Nazim Hikmet Ran was a Turkish poet, co-founder of Peace Lovers Community and International Peace Prize laureate. He is considered to be the first modern Turkish poet and he is recognized as one of the greatest international poets of the twentieth century around the world.

Hikmet was born in Thessaloniki, Greece (Former Ottoman Empire) in 1902, grew up in Anatolia and died of heart attack in Moscow in 1963. He studied economics and political sciences at Moscow University. Although his poems have been translated into 40 languages in the world, they were banned in his own country and in his native language.

Most of Nazim Hikmet’s poems have been written whether in prison or exile. Due to his critical poems and thoughts, he was brought to court eleven times. In 1952, he was denaturalized from Turkish citizenship. In 2009, forty-six years after his death, the decision was canceled by the Council of Ministers.

In 1950, Nazim Hikmet cofounded the Peace Lovers Community, later changed to Organization for Peace (Barış Derneği), with his friends. Through the organization he campaigned against developing nuclear weapons during the cold war and tried to mediate between the two neighbor countries of Turkey and Greece to reduce tensions. Hikmet joined to World Peace Congress in Vienna two times.

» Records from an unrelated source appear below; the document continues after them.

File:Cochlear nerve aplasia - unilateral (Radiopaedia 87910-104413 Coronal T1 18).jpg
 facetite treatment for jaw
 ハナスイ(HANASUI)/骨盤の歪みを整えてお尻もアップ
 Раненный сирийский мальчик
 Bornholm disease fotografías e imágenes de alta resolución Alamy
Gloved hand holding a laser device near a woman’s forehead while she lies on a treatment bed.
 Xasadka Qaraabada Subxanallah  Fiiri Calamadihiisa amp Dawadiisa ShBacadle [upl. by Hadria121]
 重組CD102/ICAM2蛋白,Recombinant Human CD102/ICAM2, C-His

In 1952, he was awarded the International Peace Prize in Prague. He contributed to the World Peace Council working for world peace, disarmament, human rights and social justice. His famous poems of "Japanese Fisherman " and "Girl Child" are symbols of peace, which were composed by world-famous singers such as Paul Robeson and Pete Seeger.

In 1991, his family and friends founded the ‘Nazim Hikmet Culture and Arts Foundation’ in honor of Hikmet. Later, the foundation established the “International Nazim Hikmet Poetry Award’. In 2002, UNESCO celebrated Nazim Hikmet's 100th birthday as the year of Nazim Hikmet.